Text only, exactly as given: reproduce the entries below without their pictures.

[Opening DATA LISTING section]

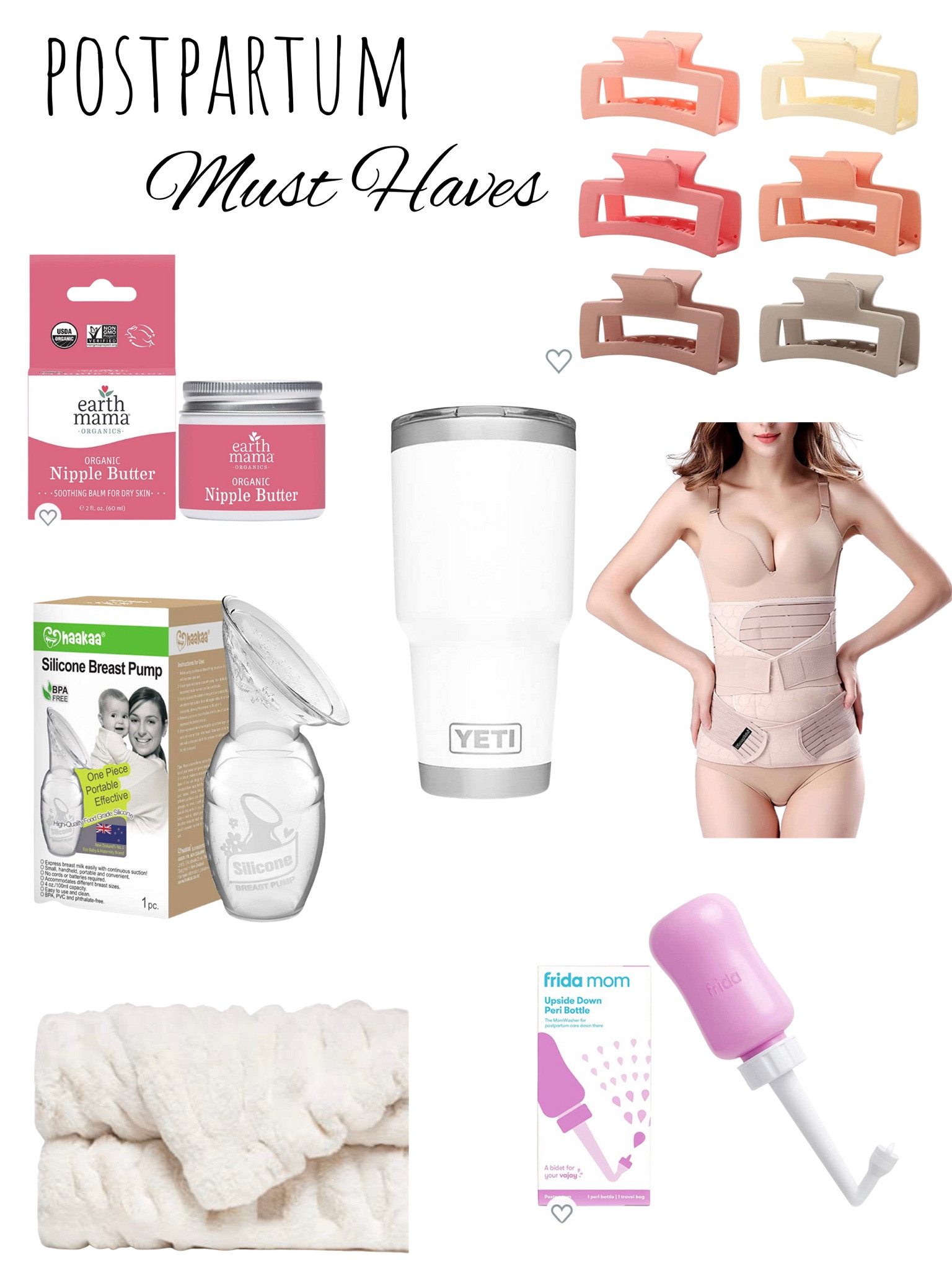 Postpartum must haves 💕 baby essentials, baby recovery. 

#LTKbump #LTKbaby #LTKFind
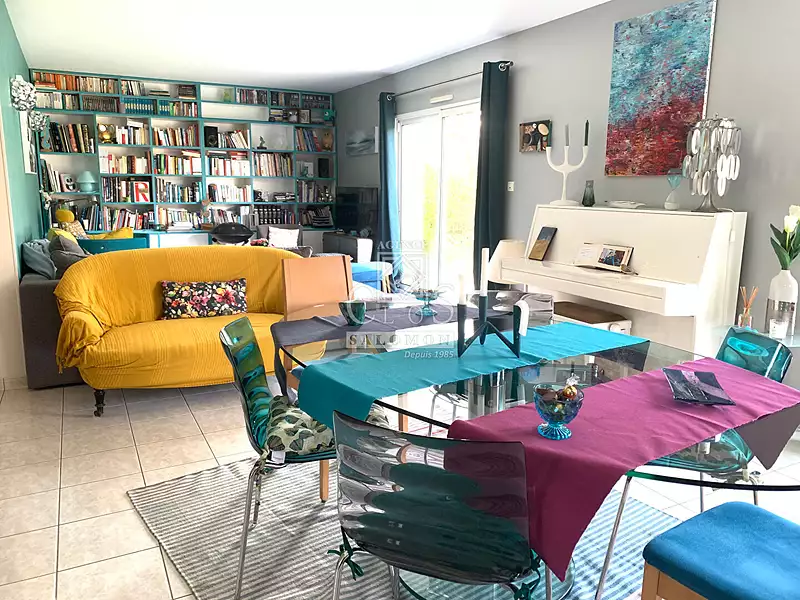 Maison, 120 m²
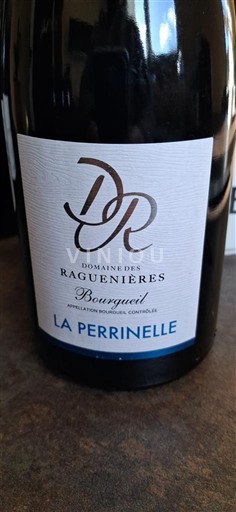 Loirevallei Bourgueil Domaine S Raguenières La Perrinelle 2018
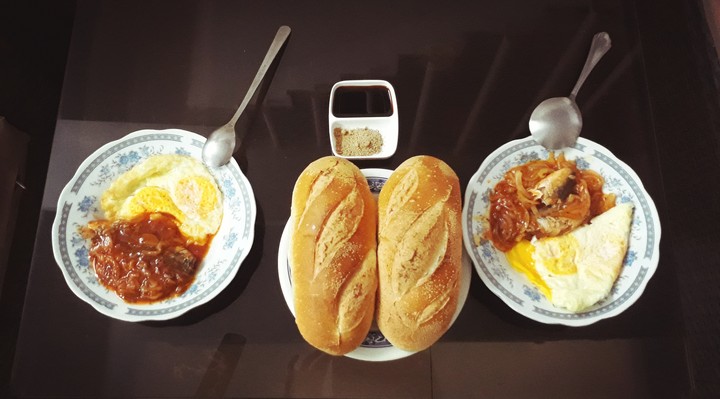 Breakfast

[Closing DATA LISTING section]

COMPLETED TASK:
 Postpartum must haves 💕 baby essentials, baby recovery. 

#LTKbump #LTKbaby #LTKFind
 Maison, 120 m²
 Loirevallei Bourgueil Domaine S Raguenières La Perrinelle 2018
 Breakfast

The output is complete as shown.